- What the exercise asks -
From the line containing "Wall shelf Shelf" to the last line of the data, both included, transcribe each line exactly, leaving out pictures and adding nothing.

- Data -
*-*-*
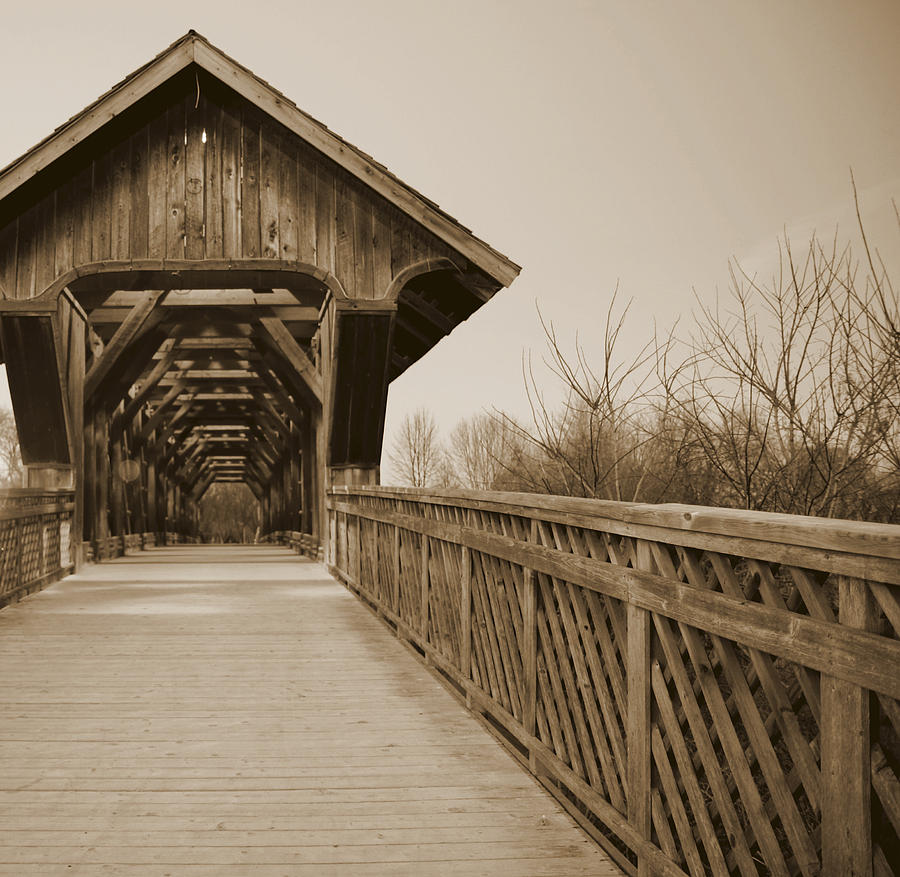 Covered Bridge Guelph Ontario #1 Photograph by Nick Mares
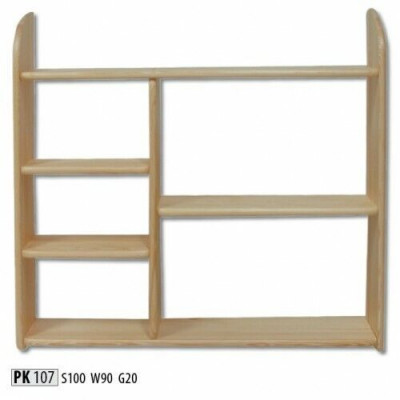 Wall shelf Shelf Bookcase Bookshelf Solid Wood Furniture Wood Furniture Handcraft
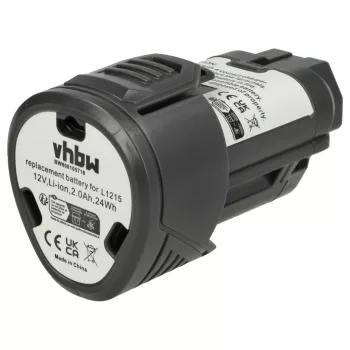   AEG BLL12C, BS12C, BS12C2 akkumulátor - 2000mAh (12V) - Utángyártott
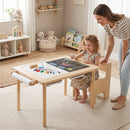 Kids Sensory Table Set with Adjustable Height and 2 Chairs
*-*-*
- Exercise output -
 Wall shelf Shelf Bookcase Bookshelf Solid Wood Furniture Wood Furniture Handcraft
   AEG BLL12C, BS12C, BS12C2 akkumulátor - 2000mAh (12V) - Utángyártott
 Kids Sensory Table Set with Adjustable Height and 2 Chairs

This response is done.